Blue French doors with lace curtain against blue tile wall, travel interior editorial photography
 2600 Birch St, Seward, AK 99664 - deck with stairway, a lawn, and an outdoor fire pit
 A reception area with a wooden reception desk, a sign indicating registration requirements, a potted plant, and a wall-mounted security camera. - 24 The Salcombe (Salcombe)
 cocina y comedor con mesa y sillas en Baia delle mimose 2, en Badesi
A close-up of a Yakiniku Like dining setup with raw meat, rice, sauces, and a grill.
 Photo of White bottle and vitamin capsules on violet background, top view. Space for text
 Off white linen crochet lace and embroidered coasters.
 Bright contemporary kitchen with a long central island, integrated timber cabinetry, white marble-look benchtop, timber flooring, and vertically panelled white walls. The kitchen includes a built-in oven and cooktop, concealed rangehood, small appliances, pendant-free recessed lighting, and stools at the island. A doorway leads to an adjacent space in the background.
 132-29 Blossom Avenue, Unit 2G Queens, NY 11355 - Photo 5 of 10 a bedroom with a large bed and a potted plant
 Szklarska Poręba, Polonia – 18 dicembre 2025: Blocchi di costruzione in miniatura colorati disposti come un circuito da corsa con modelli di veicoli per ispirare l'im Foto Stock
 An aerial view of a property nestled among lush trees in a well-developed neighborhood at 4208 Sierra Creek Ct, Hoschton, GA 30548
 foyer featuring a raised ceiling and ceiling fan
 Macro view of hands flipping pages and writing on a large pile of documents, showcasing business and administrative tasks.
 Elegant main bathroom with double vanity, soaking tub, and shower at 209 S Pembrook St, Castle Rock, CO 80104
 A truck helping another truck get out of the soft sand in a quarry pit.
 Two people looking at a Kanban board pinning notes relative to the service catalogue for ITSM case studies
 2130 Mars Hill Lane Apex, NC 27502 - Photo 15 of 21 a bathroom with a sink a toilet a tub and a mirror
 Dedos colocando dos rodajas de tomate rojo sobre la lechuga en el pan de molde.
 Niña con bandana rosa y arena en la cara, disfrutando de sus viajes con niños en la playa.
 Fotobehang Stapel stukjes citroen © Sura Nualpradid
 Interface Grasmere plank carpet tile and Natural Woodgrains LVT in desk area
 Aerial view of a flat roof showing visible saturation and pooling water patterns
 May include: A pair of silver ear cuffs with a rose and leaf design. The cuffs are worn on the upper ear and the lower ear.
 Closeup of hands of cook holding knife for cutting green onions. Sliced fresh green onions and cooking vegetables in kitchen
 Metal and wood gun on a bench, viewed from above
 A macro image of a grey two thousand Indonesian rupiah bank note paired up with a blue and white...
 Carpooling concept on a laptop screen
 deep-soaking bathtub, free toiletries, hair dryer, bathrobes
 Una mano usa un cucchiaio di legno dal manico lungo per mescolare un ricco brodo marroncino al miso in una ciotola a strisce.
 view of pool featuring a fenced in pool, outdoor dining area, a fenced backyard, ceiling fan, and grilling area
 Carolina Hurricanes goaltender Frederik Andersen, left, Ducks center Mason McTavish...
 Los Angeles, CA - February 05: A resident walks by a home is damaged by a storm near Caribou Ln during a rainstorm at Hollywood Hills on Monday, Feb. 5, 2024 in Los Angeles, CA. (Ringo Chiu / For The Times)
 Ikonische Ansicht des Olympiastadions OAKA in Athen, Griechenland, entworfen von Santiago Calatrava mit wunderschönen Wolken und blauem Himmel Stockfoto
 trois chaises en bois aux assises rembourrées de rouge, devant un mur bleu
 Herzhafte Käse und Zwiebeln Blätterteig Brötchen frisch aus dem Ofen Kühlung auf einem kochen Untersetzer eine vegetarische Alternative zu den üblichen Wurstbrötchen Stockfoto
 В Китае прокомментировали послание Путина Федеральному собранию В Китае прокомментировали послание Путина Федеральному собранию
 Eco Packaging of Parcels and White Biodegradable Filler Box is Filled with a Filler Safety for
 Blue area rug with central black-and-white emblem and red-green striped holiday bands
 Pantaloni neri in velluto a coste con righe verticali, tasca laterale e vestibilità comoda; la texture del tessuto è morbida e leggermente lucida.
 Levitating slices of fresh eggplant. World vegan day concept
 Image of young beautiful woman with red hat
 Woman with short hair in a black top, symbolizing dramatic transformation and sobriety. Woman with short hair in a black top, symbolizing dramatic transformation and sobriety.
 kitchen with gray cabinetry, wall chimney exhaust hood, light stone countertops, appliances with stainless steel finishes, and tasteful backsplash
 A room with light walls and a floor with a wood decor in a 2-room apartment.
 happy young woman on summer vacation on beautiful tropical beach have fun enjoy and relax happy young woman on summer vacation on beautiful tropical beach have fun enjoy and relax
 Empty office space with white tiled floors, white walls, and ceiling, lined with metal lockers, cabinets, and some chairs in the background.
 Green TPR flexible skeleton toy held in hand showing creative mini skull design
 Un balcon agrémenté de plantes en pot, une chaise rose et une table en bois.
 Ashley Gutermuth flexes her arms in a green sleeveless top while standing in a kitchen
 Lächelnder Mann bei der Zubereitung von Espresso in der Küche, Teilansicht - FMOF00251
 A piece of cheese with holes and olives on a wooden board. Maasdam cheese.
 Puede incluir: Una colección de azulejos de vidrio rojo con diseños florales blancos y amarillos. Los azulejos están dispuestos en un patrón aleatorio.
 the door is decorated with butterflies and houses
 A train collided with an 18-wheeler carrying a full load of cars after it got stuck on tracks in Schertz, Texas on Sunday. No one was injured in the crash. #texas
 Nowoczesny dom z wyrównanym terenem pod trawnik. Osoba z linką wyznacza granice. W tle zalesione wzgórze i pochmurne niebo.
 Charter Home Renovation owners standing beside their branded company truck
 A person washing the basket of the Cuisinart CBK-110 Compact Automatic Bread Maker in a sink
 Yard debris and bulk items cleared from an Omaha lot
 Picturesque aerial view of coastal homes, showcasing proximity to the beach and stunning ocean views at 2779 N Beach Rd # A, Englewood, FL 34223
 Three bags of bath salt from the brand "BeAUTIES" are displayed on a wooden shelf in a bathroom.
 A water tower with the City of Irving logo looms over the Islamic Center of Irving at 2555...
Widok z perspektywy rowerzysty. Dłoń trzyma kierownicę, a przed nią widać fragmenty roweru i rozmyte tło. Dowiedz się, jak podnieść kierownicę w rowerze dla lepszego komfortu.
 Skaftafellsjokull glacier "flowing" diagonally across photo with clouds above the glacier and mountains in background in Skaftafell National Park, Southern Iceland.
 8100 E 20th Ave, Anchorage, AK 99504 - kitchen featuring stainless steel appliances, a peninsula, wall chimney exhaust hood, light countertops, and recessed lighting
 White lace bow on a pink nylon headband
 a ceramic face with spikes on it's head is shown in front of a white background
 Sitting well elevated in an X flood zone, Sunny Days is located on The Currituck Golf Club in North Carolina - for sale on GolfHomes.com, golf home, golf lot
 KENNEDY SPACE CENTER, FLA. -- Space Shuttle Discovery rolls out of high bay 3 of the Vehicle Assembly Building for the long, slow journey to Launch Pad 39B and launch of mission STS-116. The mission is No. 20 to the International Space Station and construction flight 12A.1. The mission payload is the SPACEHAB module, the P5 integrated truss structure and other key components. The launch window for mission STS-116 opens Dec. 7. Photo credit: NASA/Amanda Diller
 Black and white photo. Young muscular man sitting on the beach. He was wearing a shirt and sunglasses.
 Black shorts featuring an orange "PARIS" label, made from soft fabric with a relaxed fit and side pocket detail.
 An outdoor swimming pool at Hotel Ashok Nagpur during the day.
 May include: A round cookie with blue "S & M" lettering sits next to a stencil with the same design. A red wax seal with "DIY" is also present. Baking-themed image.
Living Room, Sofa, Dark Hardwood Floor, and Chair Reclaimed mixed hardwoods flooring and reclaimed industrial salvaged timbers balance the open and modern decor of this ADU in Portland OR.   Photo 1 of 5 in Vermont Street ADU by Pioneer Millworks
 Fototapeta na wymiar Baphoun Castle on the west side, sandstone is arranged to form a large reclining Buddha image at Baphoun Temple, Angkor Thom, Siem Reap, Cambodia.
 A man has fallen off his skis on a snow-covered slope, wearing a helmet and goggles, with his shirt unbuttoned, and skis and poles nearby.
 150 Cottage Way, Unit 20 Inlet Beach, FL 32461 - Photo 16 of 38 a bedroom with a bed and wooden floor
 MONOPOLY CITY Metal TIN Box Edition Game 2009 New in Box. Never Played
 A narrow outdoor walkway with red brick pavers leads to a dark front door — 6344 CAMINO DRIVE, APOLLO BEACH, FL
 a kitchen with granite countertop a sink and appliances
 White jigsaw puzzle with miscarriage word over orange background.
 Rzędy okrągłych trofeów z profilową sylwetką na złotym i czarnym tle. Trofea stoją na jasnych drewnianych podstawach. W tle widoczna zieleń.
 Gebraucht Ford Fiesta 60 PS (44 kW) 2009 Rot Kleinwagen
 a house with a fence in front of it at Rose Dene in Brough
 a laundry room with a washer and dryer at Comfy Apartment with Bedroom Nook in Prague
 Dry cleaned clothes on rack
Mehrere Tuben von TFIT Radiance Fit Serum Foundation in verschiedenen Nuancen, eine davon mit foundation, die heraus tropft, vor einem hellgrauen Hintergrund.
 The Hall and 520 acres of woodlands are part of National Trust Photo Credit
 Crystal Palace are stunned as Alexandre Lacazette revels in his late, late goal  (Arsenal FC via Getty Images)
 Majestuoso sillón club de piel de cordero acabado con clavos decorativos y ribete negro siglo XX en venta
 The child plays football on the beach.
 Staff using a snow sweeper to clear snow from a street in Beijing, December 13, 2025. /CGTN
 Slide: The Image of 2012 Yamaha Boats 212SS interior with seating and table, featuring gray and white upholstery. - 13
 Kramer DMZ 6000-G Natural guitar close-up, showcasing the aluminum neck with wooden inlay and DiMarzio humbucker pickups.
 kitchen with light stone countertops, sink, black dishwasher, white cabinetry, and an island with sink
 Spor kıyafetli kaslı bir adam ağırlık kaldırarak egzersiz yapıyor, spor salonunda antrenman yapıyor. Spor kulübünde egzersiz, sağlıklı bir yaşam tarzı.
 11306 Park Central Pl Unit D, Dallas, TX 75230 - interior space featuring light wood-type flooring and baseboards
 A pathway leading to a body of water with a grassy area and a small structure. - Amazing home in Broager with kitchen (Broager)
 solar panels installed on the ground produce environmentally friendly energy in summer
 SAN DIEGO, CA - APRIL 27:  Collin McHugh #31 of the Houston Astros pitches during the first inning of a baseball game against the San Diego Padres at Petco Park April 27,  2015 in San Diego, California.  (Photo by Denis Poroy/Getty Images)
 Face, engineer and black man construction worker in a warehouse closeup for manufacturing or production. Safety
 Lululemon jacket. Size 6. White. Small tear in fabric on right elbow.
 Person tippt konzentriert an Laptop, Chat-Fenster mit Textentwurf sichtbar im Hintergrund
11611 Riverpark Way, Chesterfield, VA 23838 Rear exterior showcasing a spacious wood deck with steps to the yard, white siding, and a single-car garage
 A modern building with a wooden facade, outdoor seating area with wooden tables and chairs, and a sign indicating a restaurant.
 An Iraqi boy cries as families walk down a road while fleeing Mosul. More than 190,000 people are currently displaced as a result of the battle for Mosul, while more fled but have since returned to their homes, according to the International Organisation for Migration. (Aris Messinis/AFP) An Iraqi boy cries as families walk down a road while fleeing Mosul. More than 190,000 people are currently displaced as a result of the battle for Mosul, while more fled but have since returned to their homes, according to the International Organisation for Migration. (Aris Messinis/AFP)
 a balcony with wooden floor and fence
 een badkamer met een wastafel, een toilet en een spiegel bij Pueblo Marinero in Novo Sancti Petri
- - - - - - -
Exercise description: In the listing above, find the line containing "Ashley Gutermuth flexes" and the line containing "Park, Southern Iceland.". Output them and every line between, exactly, and nothing else.

Finished exercise:
 Ashley Gutermuth flexes her arms in a green sleeveless top while standing in a kitchen
 Lächelnder Mann bei der Zubereitung von Espresso in der Küche, Teilansicht - FMOF00251
 A piece of cheese with holes and olives on a wooden board. Maasdam cheese.
 Puede incluir: Una colección de azulejos de vidrio rojo con diseños florales blancos y amarillos. Los azulejos están dispuestos en un patrón aleatorio.
 the door is decorated with butterflies and houses
 A train collided with an 18-wheeler carrying a full load of cars after it got stuck on tracks in Schertz, Texas on Sunday. No one was injured in the crash. #texas
 Nowoczesny dom z wyrównanym terenem pod trawnik. Osoba z linką wyznacza granice. W tle zalesione wzgórze i pochmurne niebo.
 Charter Home Renovation owners standing beside their branded company truck
 A person washing the basket of the Cuisinart CBK-110 Compact Automatic Bread Maker in a sink
 Yard debris and bulk items cleared from an Omaha lot
 Picturesque aerial view of coastal homes, showcasing proximity to the beach and stunning ocean views at 2779 N Beach Rd # A, Englewood, FL 34223
 Three bags of bath salt from the brand "BeAUTIES" are displayed on a wooden shelf in a bathroom.
 A water tower with the City of Irving logo looms over the Islamic Center of Irving at 2555...
Widok z perspektywy rowerzysty. Dłoń trzyma kierownicę, a przed nią widać fragmenty roweru i rozmyte tło. Dowiedz się, jak podnieść kierownicę w rowerze dla lepszego komfortu.
 Skaftafellsjokull glacier "flowing" diagonally across photo with clouds above the glacier and mountains in background in Skaftafell National Park, Southern Iceland.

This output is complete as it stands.